Data records can be added or replaced via the Dgraph's Bulk Load Interface.

Besides the Data Ingest API, the Bulk Load Interface is available to ingest records into an Endeca data domain. The Bulk Load API exists in the form of a collection of Java classes in a single endeca_bulk_load.jar file, which is shipped in the Endeca Server's apis directory. The Javadoc for the Bulk Load API is located in the apis/doc/bulk_load directory.

Bulk Load characteristics

The characteristics of the interface are:
  • The API can load data source records only. It cannot load PDRs, DDRs, managed attribute values, the GCR, or the Dgraph configuration documents.
  • Existing records in the Endeca data domain are replaced, not updated. That is, the replace operation is not additive. Therefore, the key-value pair list of the incoming record will completely replace the key-value pair list of the existing record.
  • A primary-key attribute (also called the record spec) is required for each record to be added or replaced.
  • If an assignment is for a standard attribute (property) that does not exist in the Endeca data domain, the new standard attribute is automatically created with system default values for the PDR. For these default values, see Default values for new attributes.
The interface rejects non-XML 1.0 characters upon ingest.
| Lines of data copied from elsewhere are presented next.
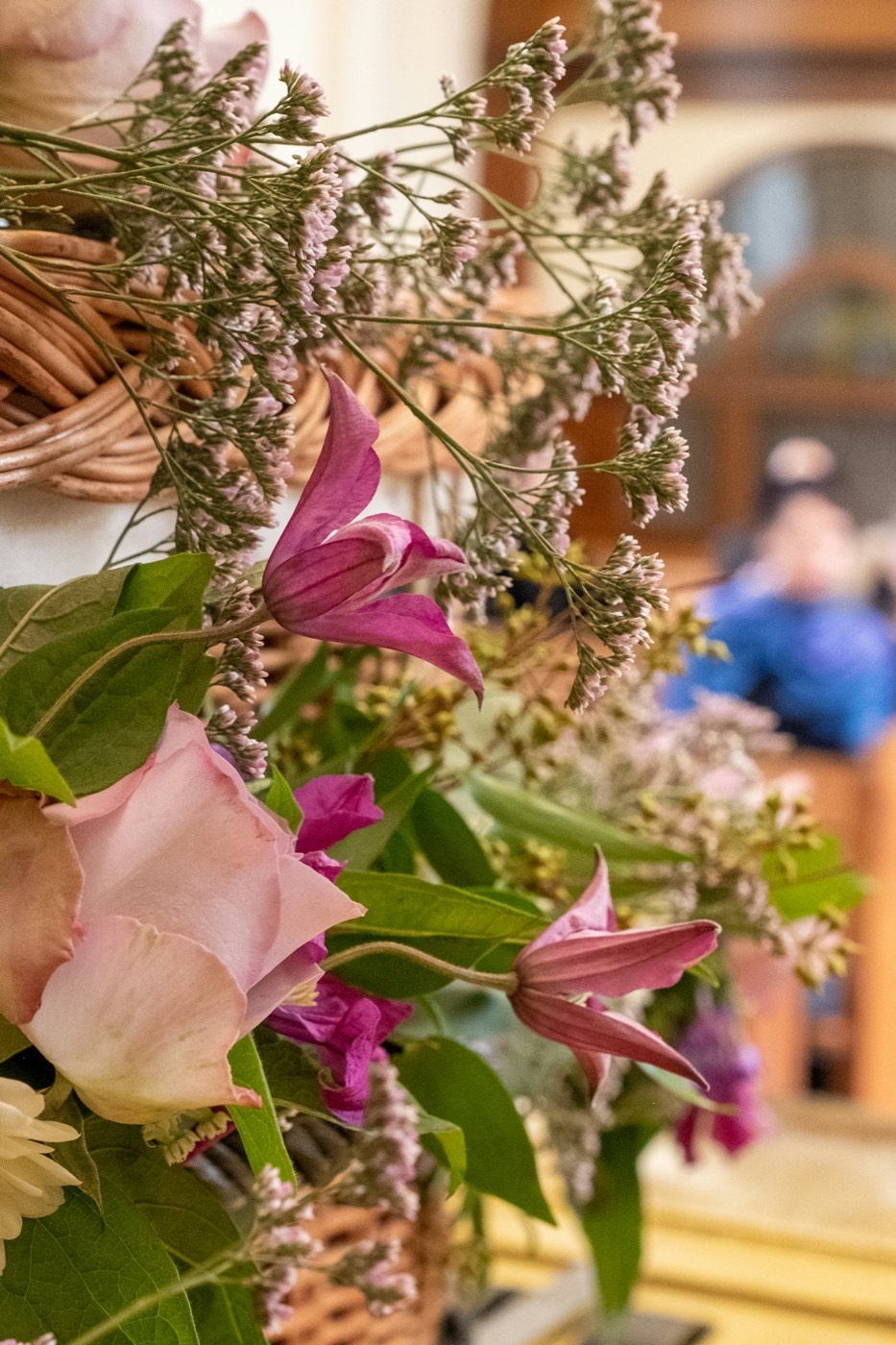 Pink and mauve blooms at a large event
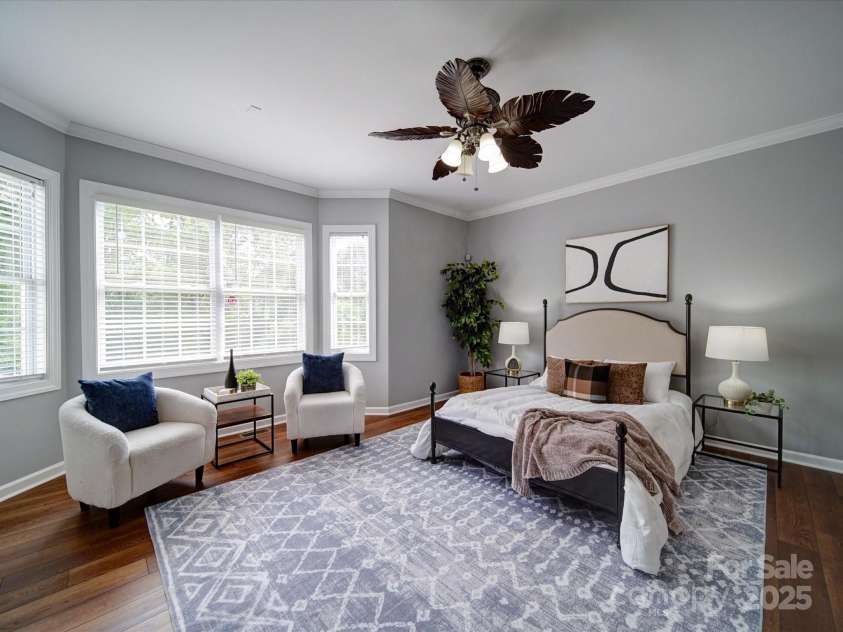 7642 Horseshoe Creek Drive, Huntersville, NC 28078.  MLS# CAR4249944, YatesRealty ID 26720. Primary Bedroom on main.  Notice the sitting area with bay windows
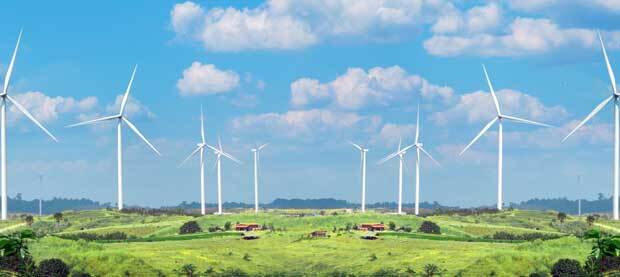 Windfarm windmills stand over meadows on a sunny, slightly cloudy day.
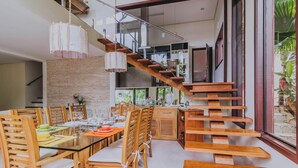 A modern dining area with a glass table, wooden chairs, and a wooden staircase. - Casa em São Sebastião com Piscina, Jacuzzi e Vista (São Sebastião)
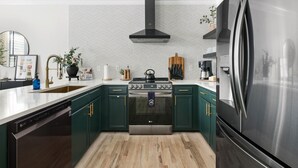 A modern kitchen with dark green cabinets, a stainless steel refrigerator, a black range hood, and a herringbone-patterned backsplash. - 1 Block to Historic King St | The Place to Be (Charleston)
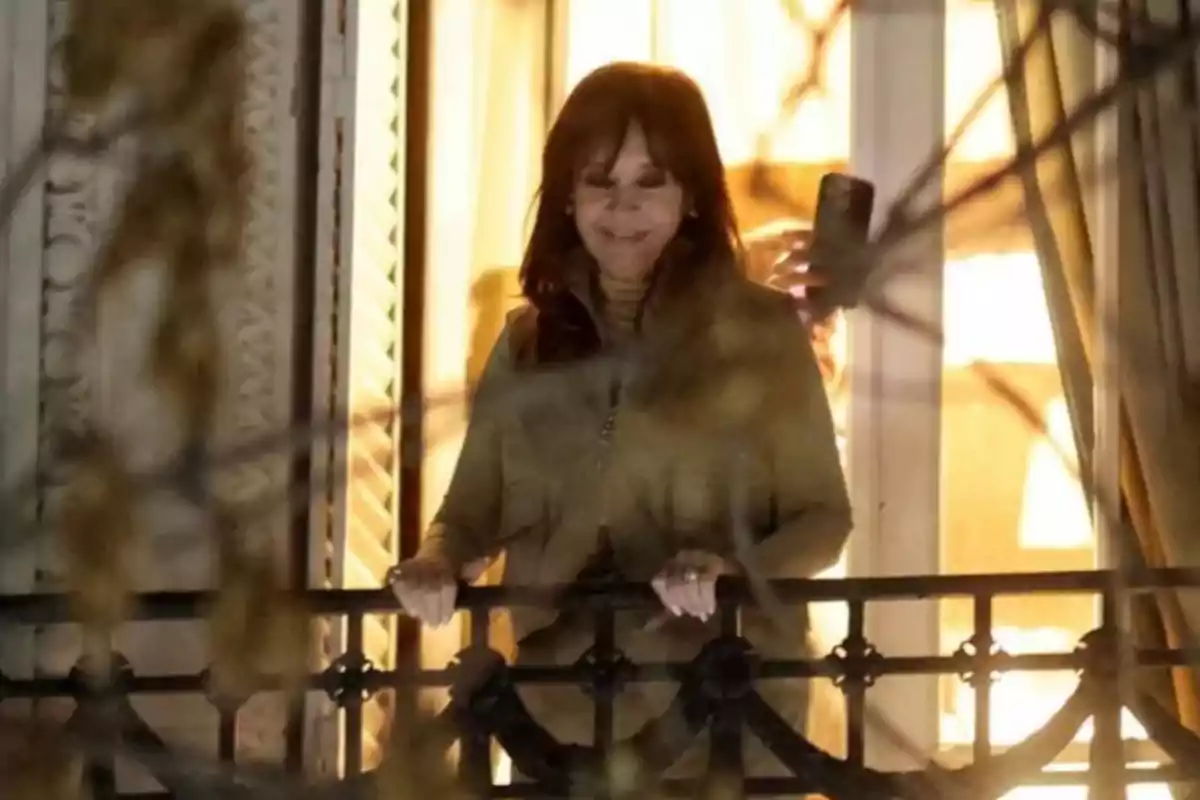 Brown-haired woman smiles while leaning on the railing of a balcony lit by the interior light of a house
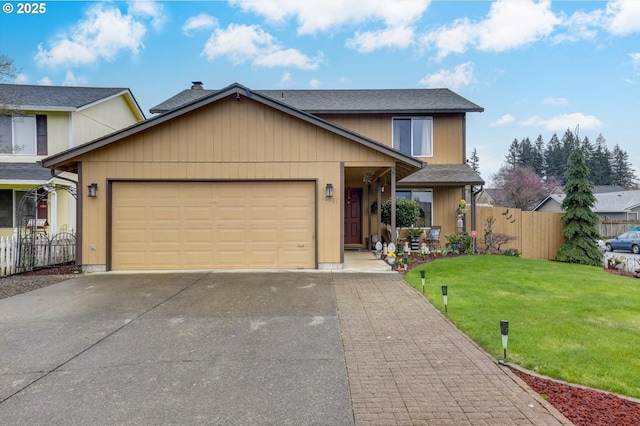 view of front of house with a garage, roof with shingles, fence, a front lawn, and driveway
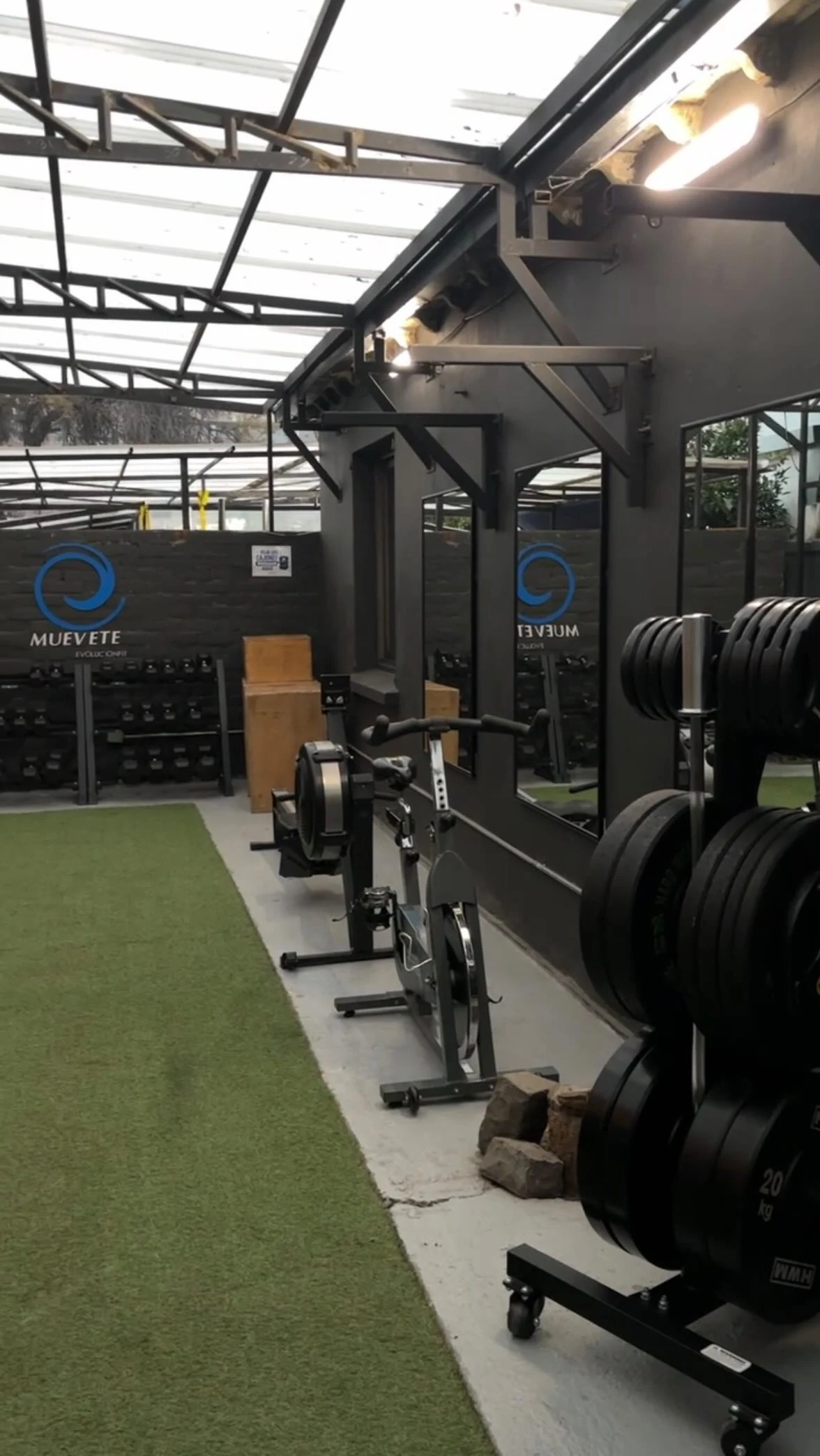 Zona de entrenamiento de Muévete, con racks, remos y muro de la marca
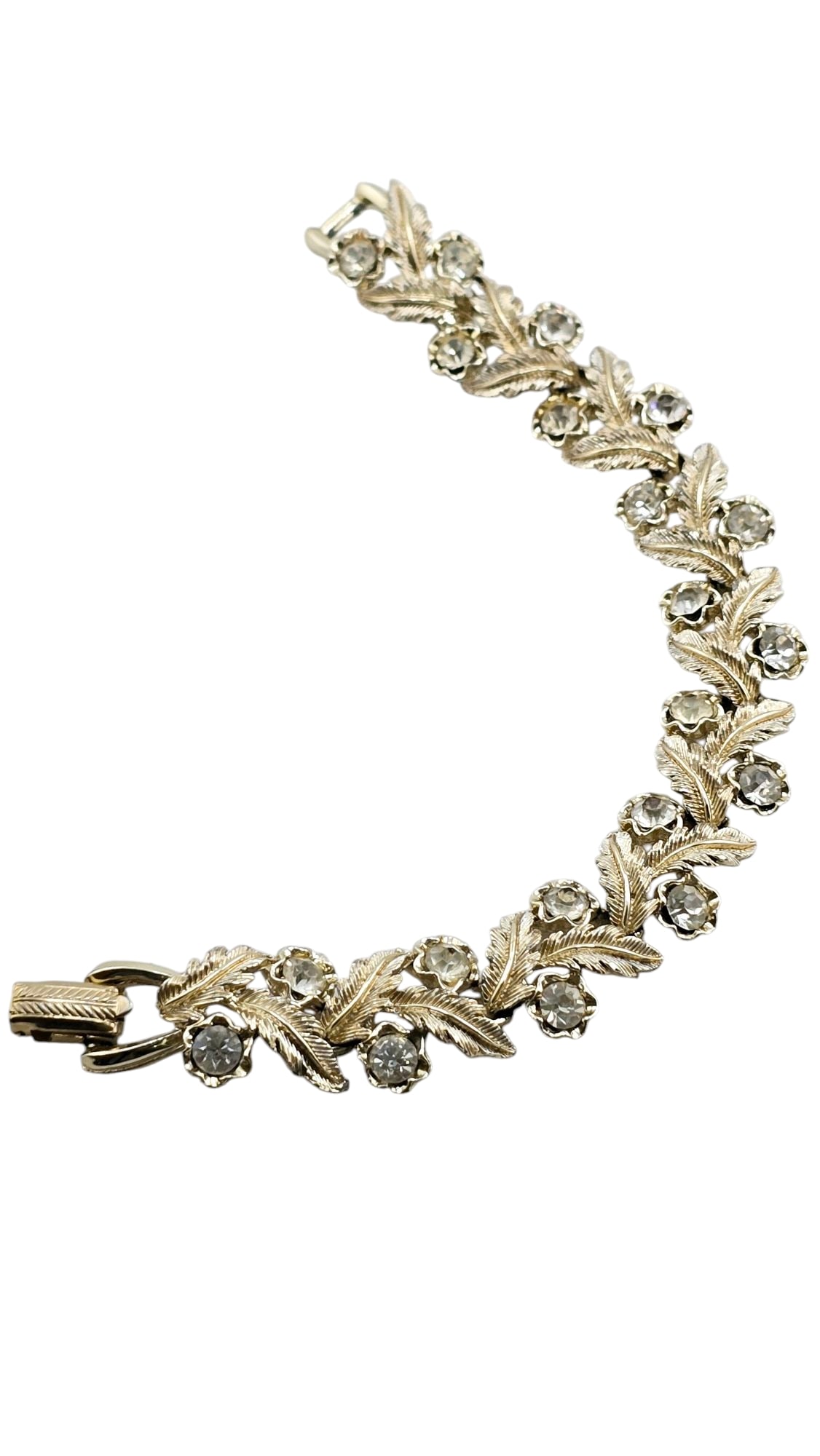 VINTAGE CORO RHINESTONE AND LEAF BRACELET: VINTAGE CORO RHINESTONE AND LEAF BRACELET, 7". IN VERY GOOD CONDITION, SIGNED! WE OFFER IN-HOUSE SHIPPING AS WELL AS LIVE SHIPPING AND LOCAL PICK UP! Please note: In-house shipping is not quoted on th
That is, a valid character for ingest must be a character according to production 2 of the XML 1.0 specification. If an invalid character is detected, an exception is thrown with this error message:
Character <c> is not legal in XML 1.0

The record with the invalid character is rejected.

Post-ingest behavior

There are two operations that must occur at some time after each bulk-load ingest:
  • A merge of the ingested records to a single generation, which re-indexes the database to optimize query performance.
  • A rebuild of the aspell spelling dictionary, so that the newly-added data will be available for spelling DYM and autocorrect.
The BulkIngester constructor's doFinalMerge parameter allows you to set when the post-ingest merge occurs:
  • If set to true, the merge is forced immediately after ingest. This behavior is intended to maximize query performance at the end of a single, large, homogenous data update that would occur during a regularly scheduled update window.
  • If set to false, a merge is not forced at the end of an update, but instead relies on the regular background merge process to keep the generations in order over time. This behavior is more suitable for parallel heterogeneous data updates where low overall update latency is paramount.
The BulkIngester constructor's doUpdateDictionary parameter lets you specify when the aspell spelling dictionary is updated:
  • A setting of true means a dictionary update is forced immediately after the ingest.
  • A setting of false means the dictionary update is disabled. You can later update the dictionary. For information, see the Oracle Endeca Server Administrator's Guide.

If you are doing multiple, consecutive bulk-load operations, you can set both properties to false on all except the last one.